Looking at this, you may notice there is absolutely no reason for the generic declaration. There are no constraints on it, so it is the same thing as declaring the parameter as an object. Everwhere this was used, it was calling PrintReport<ClientReport>(report) and so on. I pointed this out to the developer, and said it should be refactored because a) the generic adds no value, and b) there are object oriented solutions that are much better than static methods and casting. Of course, this is what I got back.

public static void PrintReport<T>(T report) where T : IReport
{
    WriteEvent(report.ToString());
    IReport r = report as ClientReport;
    if (r != null)
    {
        //Do stuff
    }
    r = report as EmployeeReport;
    if (r != null)
    {
        //Do stuff
    }
}

There’s now a constraint! A constraint that has no meaning other than preventing someone from printing an object that isn’t an IReport. Of course, the same thing could be accomplished by making the parameter be an IReport rather than a T. I then showed the developer how the generic adds absolutely no value (I think I saw a grimace as I cut all of those <xReport>s out of the myriad of classes making that call). I then explained how when I see things like casting in a method like that, it makes me consider that perhaps that behavior belongs on the class, perhaps called by a method defined on the interface.

public static void PrintReport(IReport report)
{
    WriteEvent(report.ToString());
    report.DoStuff();
}

For future reference, inane usage of generics involves using a generic on a method, not involving a parameterized class, where 1) the return type isn’t the generic type, and 2) the constraint isn’t new() or class.

If someone can think of a situation where this is actually useful, post a comment.

Also, another quick lesson. The developer did place PrintReport<ClientReport> in many places, but did you know that this wasn’t even necessary? With generic methods, you get generic inference. The compiler will determine the type for you. This  is very handy with LINQ. Without generic inference, you would have to write ugly methods like strings.Where<string>(s => s.StartsWith(“s”)).

I came across an interesting blog post today entitled, "C# generics make me sad..." by Matt Sheppard.

Matt has an issue with generic Lists, in that you can't easily convert from one to another even if one constraint is inherited from the other constraint.

List<String> sl = new List<String>();
List<Object> ol = new List<Object>();
ol = sl;

This will throw the error "Cannot implicitly convert type ‘System.Collections.Generic.List<string>’ to ‘System.Collections.Generic.List<object>’ ."

Matt then tries to cast sl to List<Object>. This fails too, as List<String> and List<Object> are two different classes. String may inherit from Object, but List<String> does not inherit from List<Object>.

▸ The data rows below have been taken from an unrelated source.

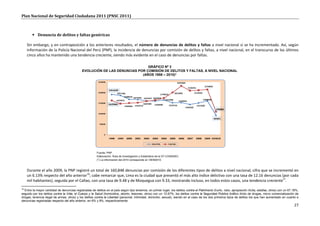 Plan Nacional de Seguridad Ciudadana 2011 (PNSC 2011)



         Denuncia de delitos y faltas genéricas

     Sin embargo, y en contraposición a los anteriores resultados, el número de denuncias de delitos y faltas a nivel nacional sí se ha incrementado. Así, según
     información de la Policía Nacional del Perú (PNP), la incidencia de denuncias por comisión de delitos y faltas, a nivel nacional, en el transcurso de los últimos
     cinco años ha mantenido una tendencia creciente, siendo más evidente en el caso de denuncias por faltas.

                                                                             GRÁFICO Nº 3
                                             EVOLUCIÓN DE LAS DENUNCIAS POR COMISIÓN DE DELITOS Y FALTAS, A NIVEL NACIONAL
                                                                          (AÑOS 1998 – 2010)*

                                                         250000
                                                                                                                                      232504
                                                                                                                                                                  215865
                                                                                                                                                210241
                                                                  191639
                                                         200000          187190                                                  201002                 212035
                                                                                                                   174632
                                                                               168810 167356
                                                                                                   161621 164959
                                                                         147975                                         165398                                   160848
                                                                                                                                       153055
                                                         150000                                    160180
                                                                  162960                  152213              159990         152516                      151560
                                                                                 150902
                                                                                                                                               144205
                                                                                                                                                                            109681
                                                         100000

                                                                                                                                                                           92501

                                                          50000




                                                             0

                                                                  1998    1999    2000    2001     2002     2003      2004    2005     2006     2007     2008     2009 ISEM10

                                                                                                            DELITOS          FALTAS



                                                        Fuente: PNP.
                                                        Elaboración: Área de Investigación y Estadística de la ST-CONASEC.
                                                        (*) La información del 2010 corresponde al I SEM2010.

One responder provided a link that goes into detail of why this doesn't work. However, the point of this post is to provide a simple solution to Matt's main gripe that "it would be nice to have a clean way to perform an explicit conversion rather than having to manually loop through..."

List<T> does have a method called ConvertAll, although you have to pass in a delegate. It makes for messy looking code, but it is the correct way to solve this problem.

ol = sl.ConvertAll<Object>(new Converter<String, Object>(delegate(String s)
{
      return s;
}));

There is another way to do this with other methods on List<T>. The methods aren't necessarily meant to convert one list to another but result in less mess.

ol.AddRange(sl.ToArray());

I would let either block pass a code review barring other cirumstances.